Tiré du bulletin Portrait de baleines, 18 juillet 2013

© GREMM

Aramis, 16 juillet 2013. © GREMM

Elle y est arrivée en début de semaine, après un passage remarqué en Minganie, où elle a été photographiée par le MICS. Jeune femelle de six ans, elle a probablement atteint sa maturité sexuelle : est-ce que ce sera bientôt son tour d’être accompagnée d’un petit?

Le 16 juillet dernier, une équipe conjointe GREMM–Pêches et Océans Canada posait une balise télémétrique sur le dos d’Aramis. Déployée à l’aide d’une longue perche, fixée à l’aide d’une ventouse, la balise émet un signal radio chaque fois qu’Aramis fait surface et enregistre toutes les secondes la profondeur et la vitesse de la baleine. En parallèle, Parcs Canada étudie la présence des proies là où la baleine se trouve. De quoi répondre à bien des questions sur l’alimentation des baleines!

 

 


Tiré du bulletin Portrait de baleines, 28 juillet 2011

Ca y est, il y a enfin un rorqual à bosse dans le parc marin : Aramis, une jeune femelle née au début de 2007, emmenée ici par sa célèbre mère Tic Tac Toe l´été suivant, et qui nous visite pour une cinquième année de suite. Mentionnons qu´il s´agissait alors de la toute première observation d´une paire mère-veau de cette espèce dans l ‘histoire de l´industrie d´observation du parc marin. Aperçue et identifiée par le GREMM dimanche matin dans le secteur de la falaise Sud, elle a d´ailleurs été vue sautant hors de l´eau à cinq reprises mardi matin par le bateau L´Alliance de Parcs Canada, puis été aperçue faisant une assez longue sieste par plusieurs bateaux d ‘excursion le même jour en après-midi.

Selon le MICS, qui gère le catalogue central de cette espèce pour le Saint-Laurent (776 individus connus à ce jour), Aramis n´a pas été aperçue dans le golfe cette année avant son arrivée dans le parc marin, alors que c´est plutôt le contraire pour Tic Tac Toe, aperçue voici environ un mois au nord de l´île d´Anticosti, mais pas encore ici.

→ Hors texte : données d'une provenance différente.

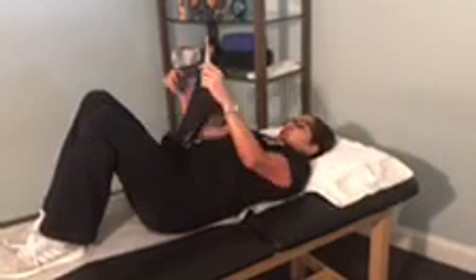The next one will be hamstring stretches. You can use a belt, a towel — I'll show you two ways of doing it. One is with a belt or a dog leash, and you just pull your leg until you feel a light stretch behind your hamstrings, pain-free. If you have too much pain or your hamstrings are too tight, you can bend the opposite knee to make it a little bit easier. If you don't have a belt, you can just use your hands. Hold this stretch for about 20 seconds, three times.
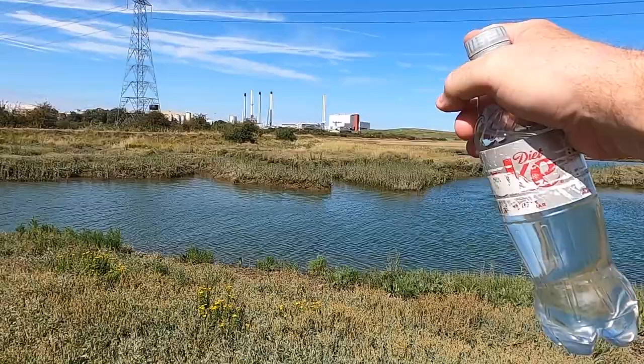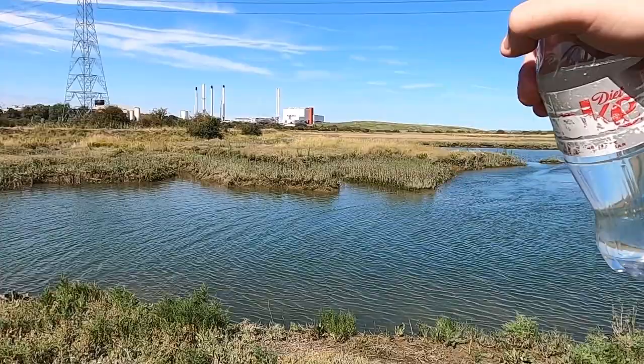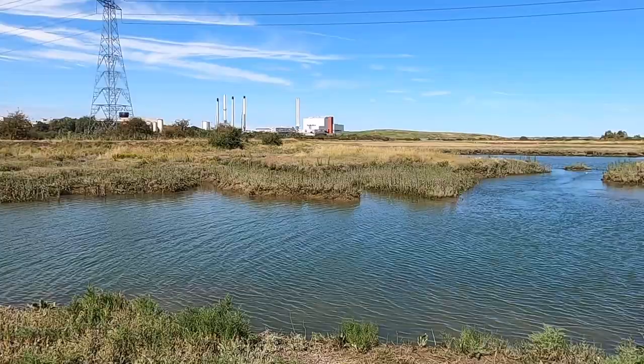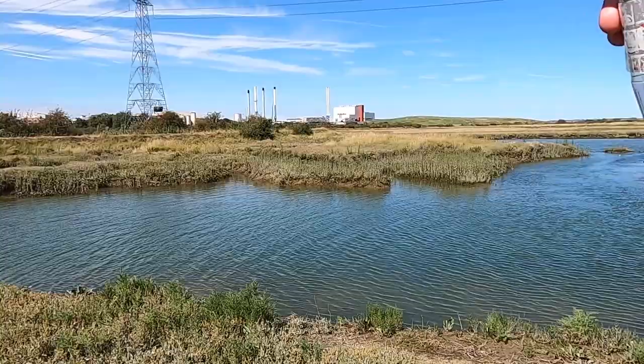That's the Hemsley paper mill over there. It's not producing anything at the moment because you've got no steam coming out. Because when you're making paper, you generate a lot of steam and energy. Which is quite good when it's running because you get good pictures of all this steam coming out by the towers.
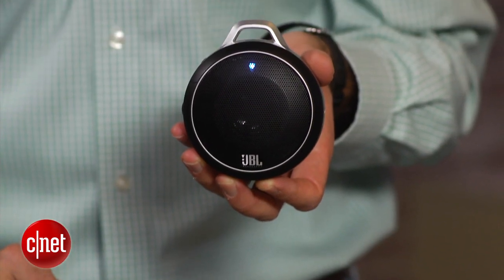It's an attractive small speaker that you can take with you — it even fits in your pocket. I'm David Carnoy, and that's the JBL Micro Wireless Bluetooth speaker. Thanks for watching.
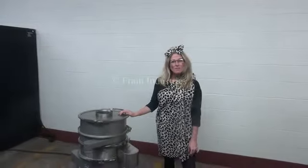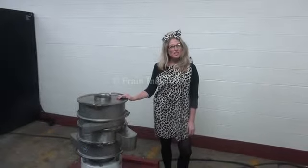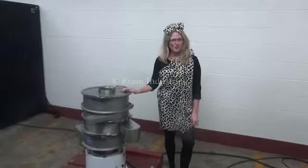Hi, I'm Katie with the Frame Group. Today we're cycling your Suiko 18-inch diameter sifter. We recommend you read the manual in its entirety before powering up the machine. The voltage is currently set to single phase 120 volts.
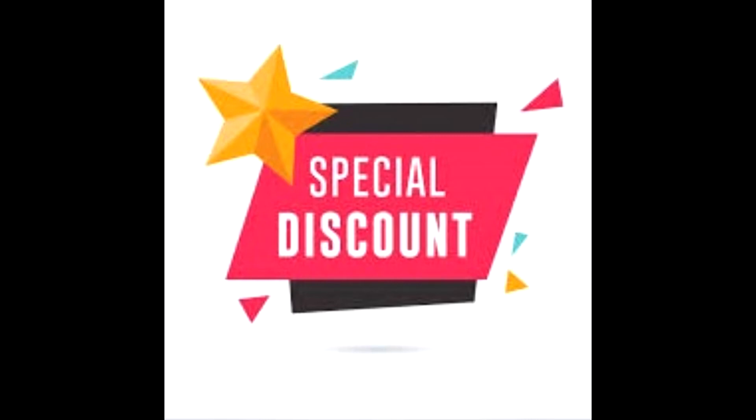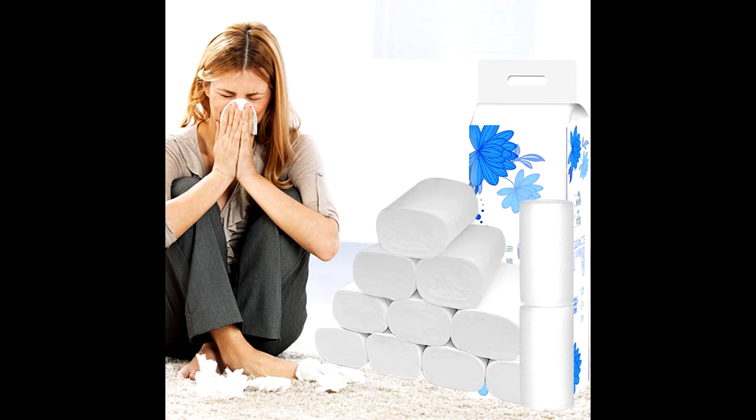Buy best toilet paper at cheap from link in the description. It is made up of three layers, thick design, skin friendly, high density, uniform, soft and comfortable.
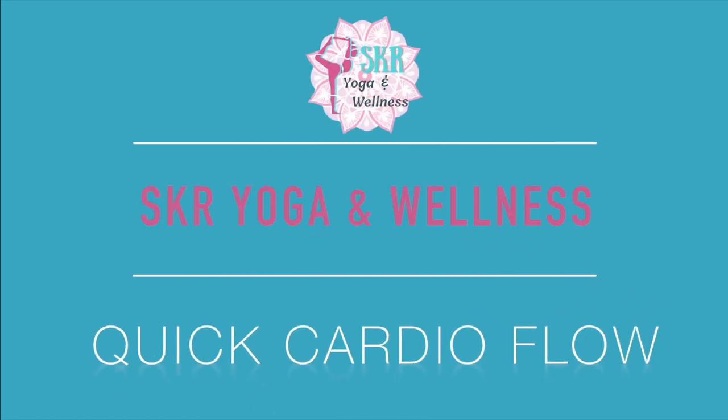Hello, welcome to SKR Yoga and Wellness. My name is Sam — thank you so much for joining me today. We are doing a fast-paced 10-minute cardio flow, so we're going to move very quickly in and out of our poses and flows. The focus of this class is really just to get the heart rate moving and the body warm in a very short amount of time. All you really need for this class is your mat and lots of space.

Les retours annuels d´Aramis dans l´estuaire depuis 2007 reflètent un comportement largement répandu chez les rorquals à bosse : les jeunes reviennent dans l´aire d´alimentation choisie par leur mère, avec laquelle ils sont restés un an, rarement deux. Née en 2007 dans les Caraïbes et âgée de 4 ans, Aramis atteindra bientôt sa maturité sexuelle, généralement atteinte vers les 5 ans chez les rorquals à bosse. Verrons-nous bientôt Aramis accompagnée de son tout premier baleineau? Ou même, elle et sa mère Tic Tac Toe emmenant leurs rejetons respectifs?

Le nom « Aramis », dû aux marques rappelant des épées entrecroisées sur le lobe droit de la queue (d´où la référence au mousquetaire), était le résultat d´un concours du MICS et du GREMM en 2007, où des gens de l´industrie d´observation des baleines devaient voter pour leur choix parmi 5 noms différents.